Monday, July 6, 2009

Movie Monday

In the futuristic movie Soylent Green, Charlton Heston rushes to see Edward G. Robinson as he is being “killed” in the euthanasia chamber. Those choosing such an end apparently get to watch panoramic scenes of their choice. In contrast to the barren wasteland where Robinson is living in the movie, he chooses scenes of nature: lush forests, towering mountains. As Heston watches with him, he says: I never knew there were times like this.

Fast forward to the real world and I’ve been told there was a time when newspapers had consumer advocates columns where readers would send in their complaints against businesses and the columnist would try and resolve the problem. In the beginning, the letters would be edited to only say “When I went into Business X to return a defective TV...... But soon these columns named names of both good and bad businesses.

Like the nature scenes in Soylent Green, these consumer columns are long gone. A governmental consumer advocate (yes, they did once exist) is just a dusty memory.

Which brings me to Movie Monday and movie reviewers of the past. I read that Pauline Kael was considered one of the best after I had donated my library reject copies of her reviews. Now, I only have 5001 Nights at the Movies by her. So in these short, witty, concisely full of knowledge reviews I have only a small sample of her greatness.

I did keep my battered copy of Agee on Film (where do I get these books?) and just last night I read his review of Double Idemnity. Wow! These people could write. But also, they might possibly not be able to even get jobs as reviewers in today’s absurd movie reviews market.

I like Roger Ebert. But he’s no James Agee. It’s like comparing Dickens turn of phrases to Michael Ondaatje’s.
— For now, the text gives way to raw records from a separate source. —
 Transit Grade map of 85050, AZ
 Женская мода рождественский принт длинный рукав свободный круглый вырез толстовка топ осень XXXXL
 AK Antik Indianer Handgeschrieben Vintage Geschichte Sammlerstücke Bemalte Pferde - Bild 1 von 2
Agee writes like a well-wore pair of slippers; with a comfortable cadence. He writes for the beauty of the words not for the effect of them.

Maybe only lit majors can understand what I’m trying to say. Maybe that brand of writing is over. But if only for the historical importance, try to take a look at Kael and Agee at least. Like Heston you may say: I never knew it was like this.
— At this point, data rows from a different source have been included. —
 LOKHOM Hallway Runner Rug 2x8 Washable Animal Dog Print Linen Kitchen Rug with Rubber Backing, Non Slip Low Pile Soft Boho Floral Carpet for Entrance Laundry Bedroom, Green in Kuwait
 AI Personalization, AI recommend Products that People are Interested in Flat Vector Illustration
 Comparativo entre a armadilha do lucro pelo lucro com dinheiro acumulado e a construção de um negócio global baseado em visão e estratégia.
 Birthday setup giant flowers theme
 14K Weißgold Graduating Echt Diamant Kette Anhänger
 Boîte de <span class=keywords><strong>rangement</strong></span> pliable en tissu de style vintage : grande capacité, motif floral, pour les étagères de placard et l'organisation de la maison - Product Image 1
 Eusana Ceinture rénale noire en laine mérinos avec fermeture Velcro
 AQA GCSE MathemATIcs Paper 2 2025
And now on to my feeble movie review. Hanging my head in the presence of giants (but obviously not hanging it far enough since I still have the chutzpah to post it) here is my offering for Movie Monday.

Burn After Reading is written by the Coen Brothers as a macabre, existential rendition of Shakespeare’s Much Ado About Nothing. And I can see Shakespeare scratching his head as he watched Clooney’s “love” machine and said: Man, they say I was bawdry. Now, that’s bawdry.

From the beginning, they’re a deus ex machina so I guess you could say that in the parallel universe where the Coens think and make movies, this one has a happy ending.

It’s over the top acting which is appropriate for the plot; acting easy even for the hammiest actors, which these aren’t. Playing against type you have Clooney and Pitt mugging wildly but good editing pulls them from the screen before their histrionics upset the plot. (Though McDormand starts to become annoying –unusual for her – before she pulls back into a believable display of grief.)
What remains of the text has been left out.